Two months later, the police tell Tracy and Megan that Tracy Jacobs is, in fact, Laura Santiago, an escaped psychiatric patient. She was not an only child. She has a brother, who also suffered from mental problems. They both were incarcerated, suspected of killing their parents.

Tracy’s brother frees her from another institution. The end.

We Belong Together is, unsurprisingly, bloody awful. My description of it must seem incomplete and haphazard but, I promise you, it is better than the film. What is good about the film? Nothing.

The story is lazy, uninspired, unoriginal, boring nonsense. The acting is pure B movie level, the worst performance coming from the perennially pouting Michele. The worst thing about her performances is that she looks like she is acting all of the time.

The rest of the cast have been in better films than this, and so can be partially forgiven for taking a payday. Written and directed by Christopher B Stokes, who is better known for music videos, the film is, at least, shot quite well and in focus. So there is that.

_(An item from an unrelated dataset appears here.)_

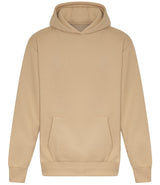 Signature Heavyweight Hoodie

The crazed girlfriend is a trope that has been used so many times, that, to make it work, one needs either an excellent script or a subtle, different take on it. This film has neither. The script is terrible, and it is as subtle as a baby screaming for a nappy change, feed, attention, or all three.

It is as if the director pointed the camera at the actors, and gave them an outline of what was meant to happen in the scene, let them improvise it, and went with the first take every single time.

The music is irritatingly ominous at all times, the editing is sloppy, and the focus on Michele’s admittedly not unattractive face, in some misguided attempt to allow us to witness her particular level of crazy, is amateurish.

We Belong Together—a line she shouts in desperation as this pile of poo was drawing to its conclusion—is a car wreck of a film, and one would do well to avoid watching it. You are welcome.